++++ RECORDED INFORMATION
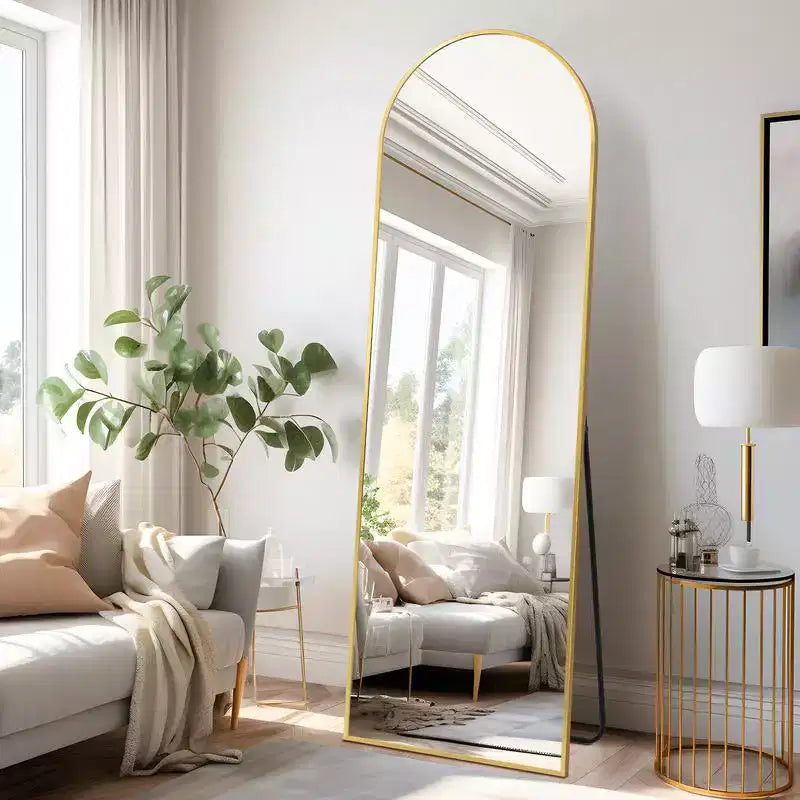 38 in. W. x 71 in. H Full Length Arched Free Standing Body Mirror Metal Framed Wall Mirror Large Floor Mirror in Gold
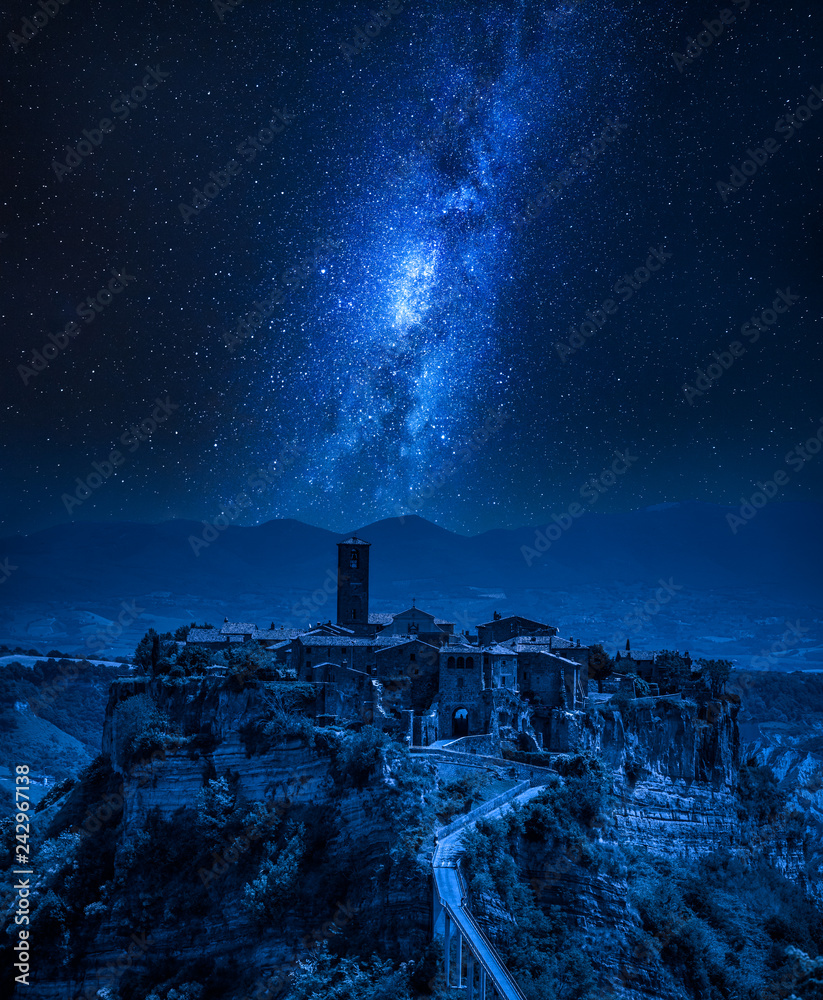 Milky way over old town of Bagnoregio, Italy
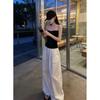 In stock at real price, pure desire style, sexy black slim-fit tube top, white loose wide-leg pants set, polyester.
++++++++
**WORK TO COMPLETE:** Repeat the data word for word. Skip the pictures.

**RESPONSE TO THE EXERCISE:**
 38 in. W. x 71 in. H Full Length Arched Free Standing Body Mirror Metal Framed Wall Mirror Large Floor Mirror in Gold
 Milky way over old town of Bagnoregio, Italy
 In stock at real price, pure desire style, sexy black slim-fit tube top, white loose wide-leg pants set, polyester.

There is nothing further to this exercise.